SPECIFICATION Improvements in or relating to the alignment of phased array antenna systems This invention relates to a method of aligning phased array antenna systems eg for radar purposes. Such an antenna system comprises a number of antenna elements each fed through a signal channel. Each such channel includes a module comprising a variable gain control and a variable phase control. This enables the phase of radiation transmitted from each antenna element to be adjusted in relation to the rest of the elements so that the total beam of radiation transmitted from the antenna system has a given direction. Varying said gain and phase controls suitably, enables the beam direction to be varied without altering the position of the antenna system physically.Conversely the antenna system can be made to receive radiation from any of a number of given directions, again without physical movement of the system.

In order that beam direction may be selected readily, either for transmitting or receiving, an array must be caiibrated, or aligned.

That is to say, a way must be established for setting the gain and phase controls in each channel feeding the antenna system in order to obtain a sufficiently accurate beam direction and shape.

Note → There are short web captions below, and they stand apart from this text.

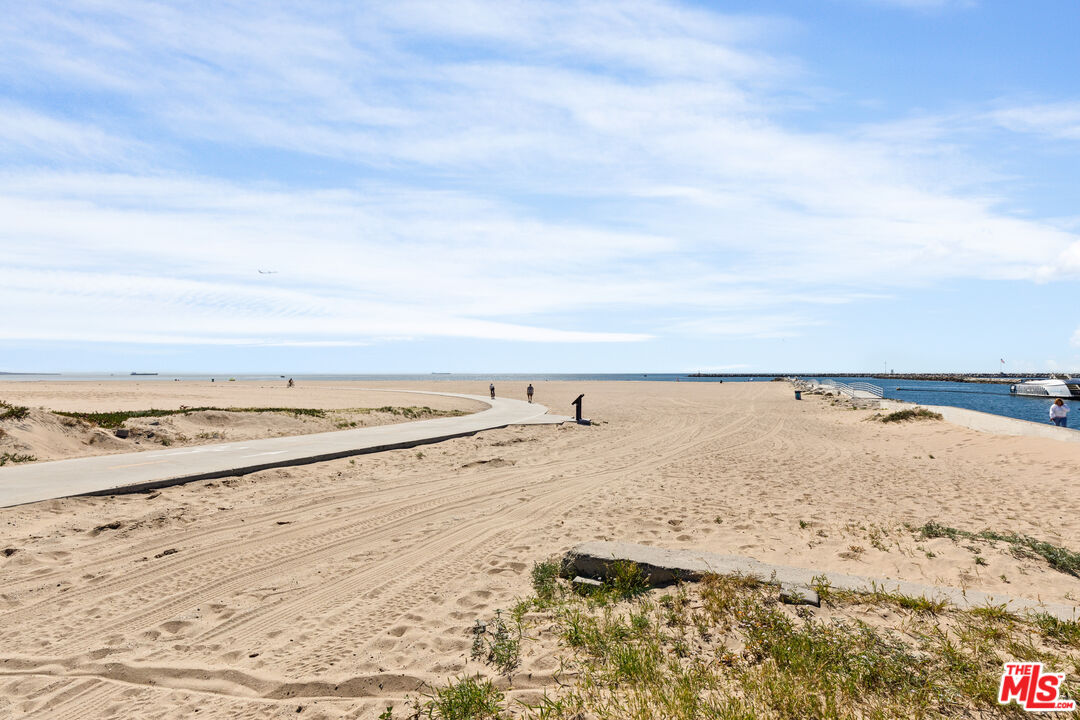 6209 Pacific Avenue, Unit 201 Playa del Rey, CA 90293 - Photo 44 of 48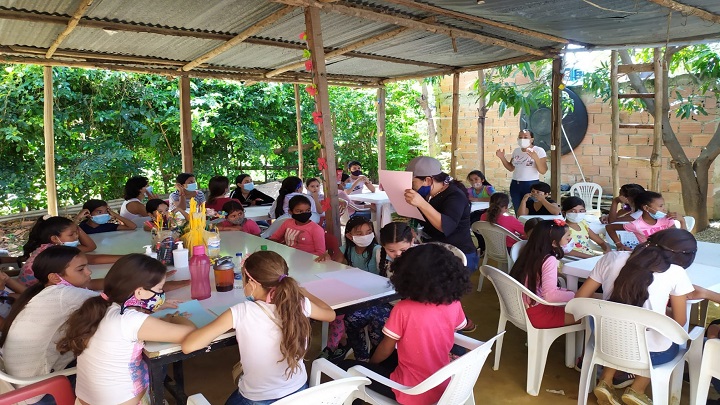 En La Fortaleza, el lugar de encuentro de las niñas es la casa de Maricel, donde tiene adecuado un espacio para que las menores realicen sus actividades. /  Foto: Cortesía / La Opinión 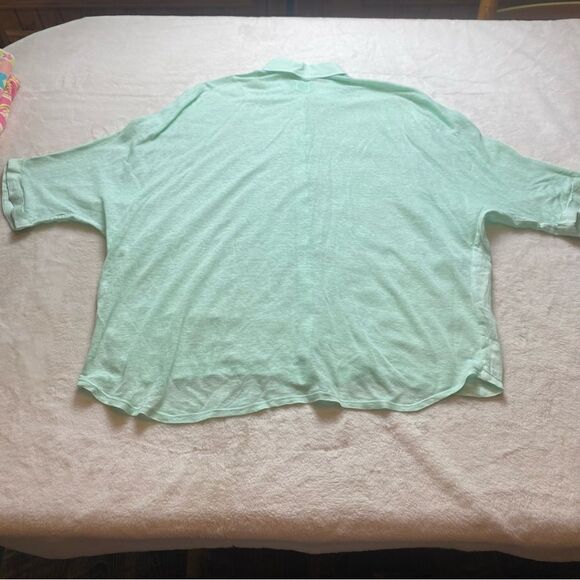 120% Lino Light Green Button Down Shirt - Picture 2 of 10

The background to the requirements for accurate calibration arrangements are set out in a number of the following items of generally relevant art.

M Skolnik (Ed), Radar Handbook, p 11-36 ff, 1970.

J K Smith, N-Bit L-Band Phase Shifters for Phased Arrays, MTTS-83.

W W Schrader, RF Analysis of the Cobra Dane Antenna using Self Monitoring Techniques, IEEE Int Radar Conf, Radar 80.

D K Alexander, R P Gray, Computer-Aided Fault Determination for an Advanced Phased Array Antenna, Univ of Illinois Antenna Applications Symposium, 1979.

E Hung, N Fines, R Turner, The In-Situ Calibration of a Reciprocal Space Fed Phased Array, IEE Conf. Publ. 216, Proc. Radar 82.

W Sander, Experimental Phased Array Radar ELRA, IEE Proc Vol 127, Part F, August 1980.

H D Griffiths, J R Forrest, A D Williams and C Pell, Digital Beam-forming for Bistatic Radar Receiver, IEE Conf Publ 219, Proc ICAP 83.

P Barton, Digital Beamforming for Radar, IEE Proc Vol 127, Part F, August 1980.

The present invention provides a logical and relatively simple method of aligning a phased array antenna system, applicable to arrays of any number of elements, and whether in the transmitting or receiving mode.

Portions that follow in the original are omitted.